What you should do
Once the pictures have been set aside, copy every remaining entry exactly.

Short text fragments from websites
******************************

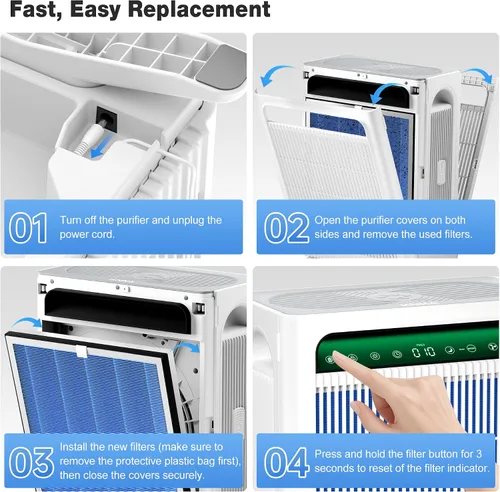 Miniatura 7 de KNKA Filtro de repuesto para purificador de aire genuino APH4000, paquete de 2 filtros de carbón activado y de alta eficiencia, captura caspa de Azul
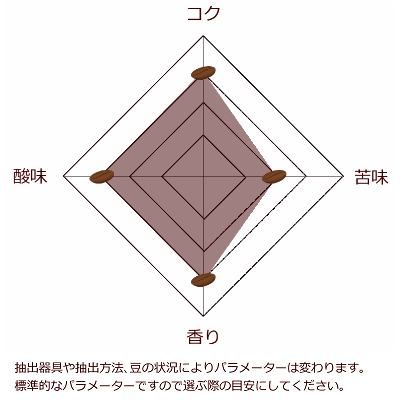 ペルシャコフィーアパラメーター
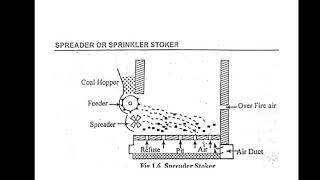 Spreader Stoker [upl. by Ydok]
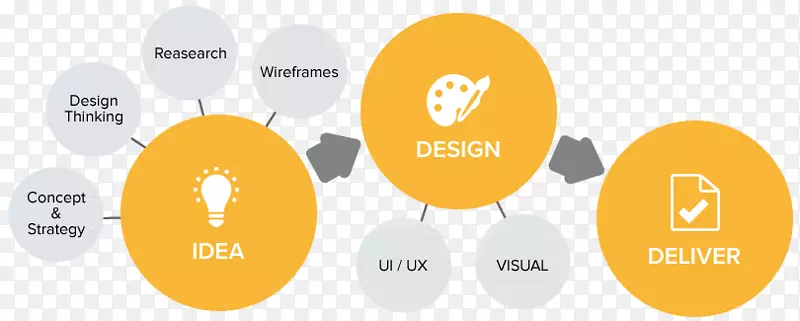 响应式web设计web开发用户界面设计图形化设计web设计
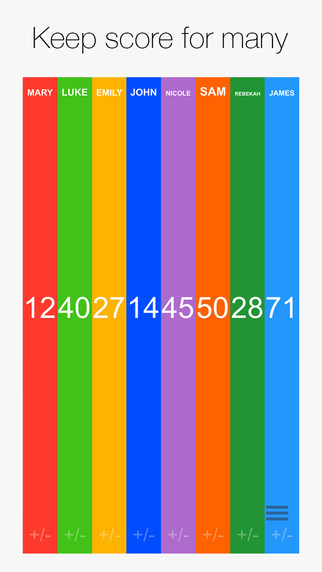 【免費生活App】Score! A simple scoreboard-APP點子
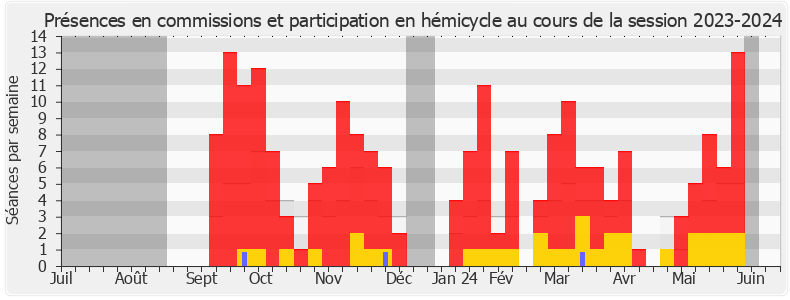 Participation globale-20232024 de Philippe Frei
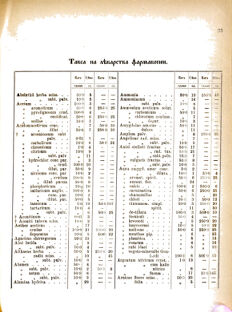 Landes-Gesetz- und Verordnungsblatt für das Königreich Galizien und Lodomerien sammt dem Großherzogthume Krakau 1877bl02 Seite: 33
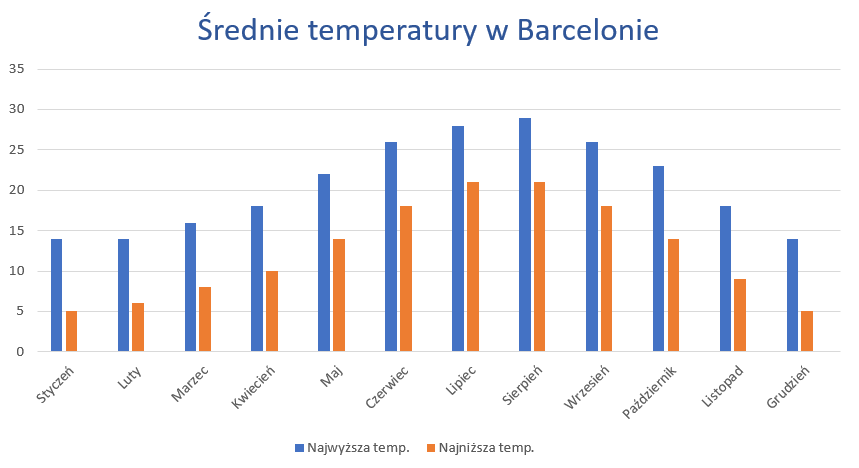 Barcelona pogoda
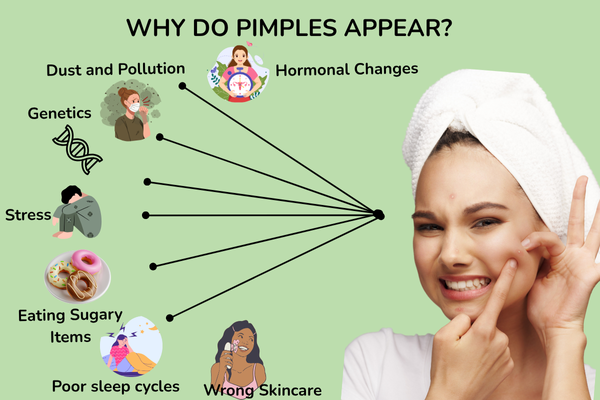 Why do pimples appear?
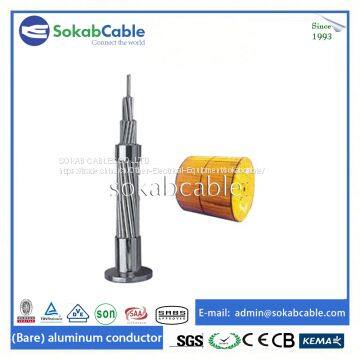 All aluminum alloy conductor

******************************

Solution for this task
 Miniatura 7 de KNKA Filtro de repuesto para purificador de aire genuino APH4000, paquete de 2 filtros de carbón activado y de alta eficiencia, captura caspa de Azul
 ペルシャコフィーアパラメーター
 Spreader Stoker [upl. by Ydok]
 响应式web设计web开发用户界面设计图形化设计web设计
 【免費生活App】Score! A simple scoreboard-APP點子
 Participation globale-20232024 de Philippe Frei
 Landes-Gesetz- und Verordnungsblatt für das Königreich Galizien und Lodomerien sammt dem Großherzogthume Krakau 1877bl02 Seite: 33
 Barcelona pogoda
 Why do pimples appear?
 All aluminum alloy conductor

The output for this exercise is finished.